*** Opening of SOURCE MATERIAL ***

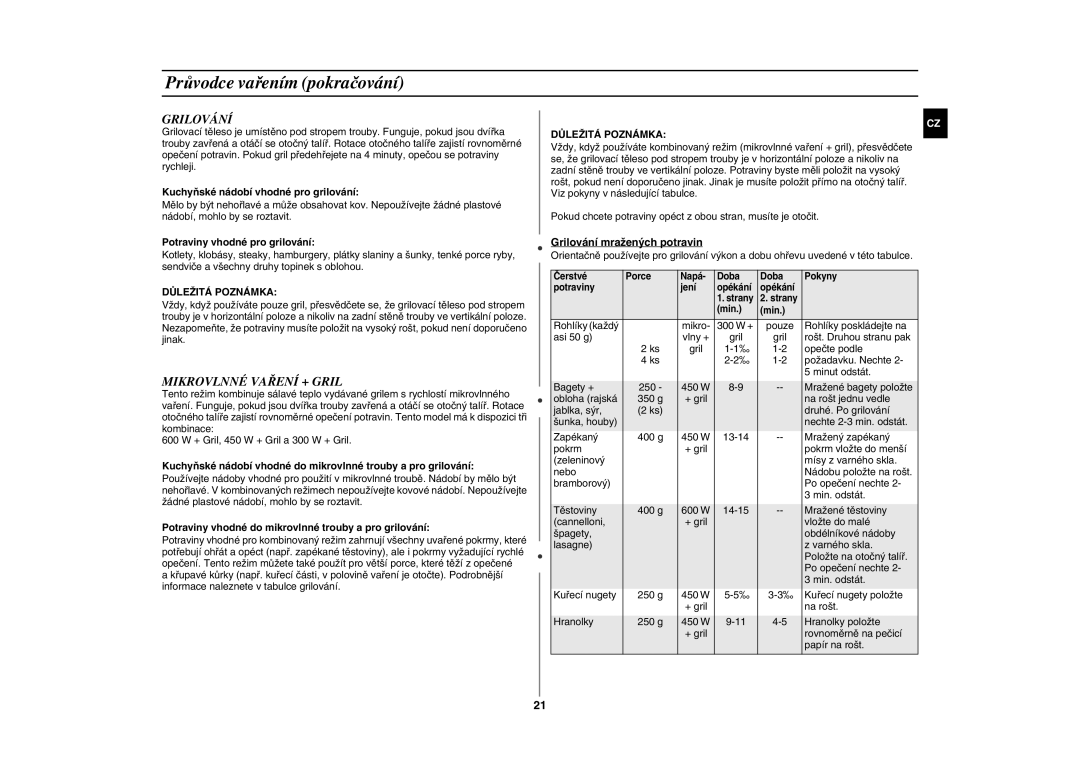 Samsung GE87W-S/XEH manual Grilování, Mikrovlnné Vaření + Gril, Důležitá Poznámka 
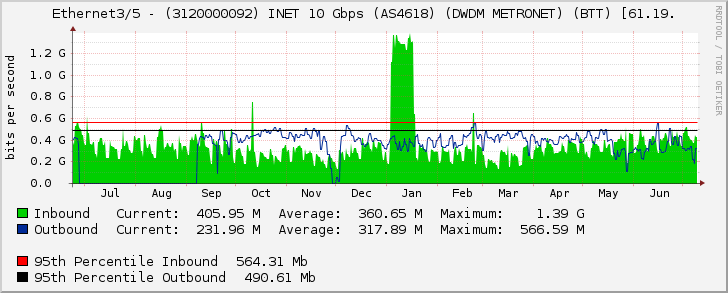 Ethernet3/5 - (3120000092) INET 10 Gbps (AS4618) (DWDM METRONET) (BTT) [61.19.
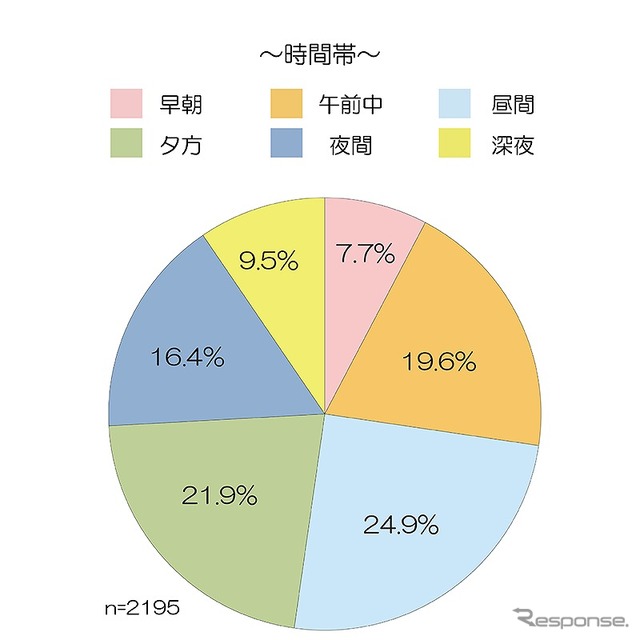 時間帯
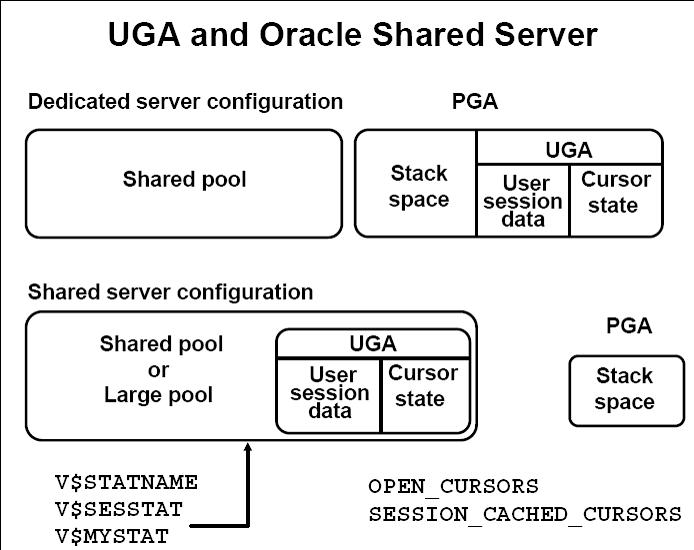 ptw-1-oracle-memory-sga-pga-uga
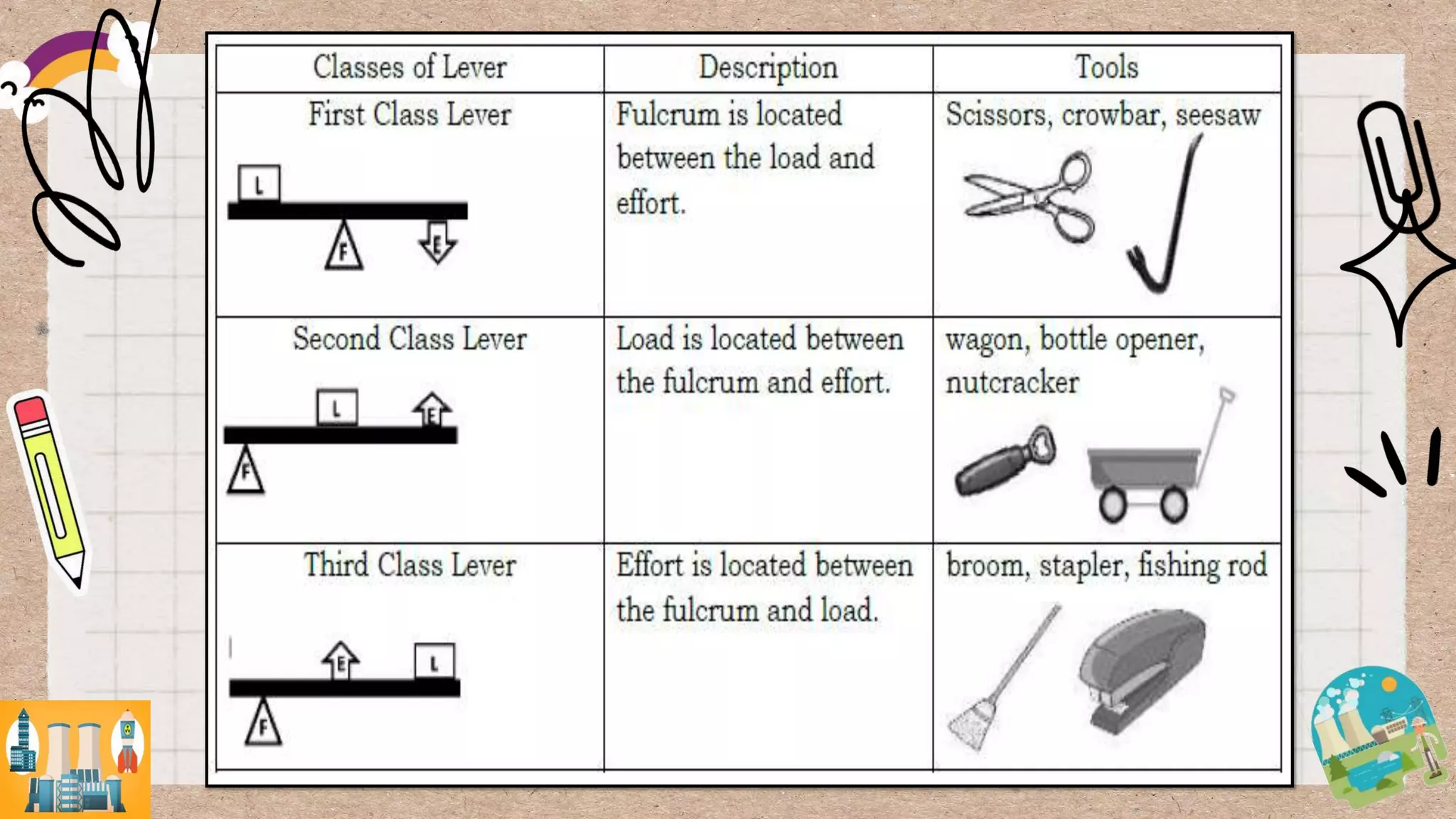 Q3 Lesson 10_Characteristics and Uses of Simple Machine.pptx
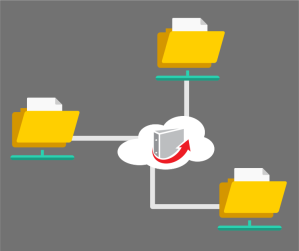3 yellow folders one on left, one at the top and one to the right of a white cloud with a LiveBinders grey binder icon with the red arrow swirl in the center. The folders are connected to the cloud with a white line.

*** Close of SOURCE MATERIAL ***

_EXERCISE INSTRUCTIONS_:
All lines from the start of the entries through the one with "Q3 Lesson 10_Characteristics" are to be output exactly; omit the pictures.

_FINISHED EXERCISE_:
 Samsung GE87W-S/XEH manual Grilování, Mikrovlnné Vaření + Gril, Důležitá Poznámka 
 Ethernet3/5 - (3120000092) INET 10 Gbps (AS4618) (DWDM METRONET) (BTT) [61.19.
 時間帯
 ptw-1-oracle-memory-sga-pga-uga
 Q3 Lesson 10_Characteristics and Uses of Simple Machine.pptx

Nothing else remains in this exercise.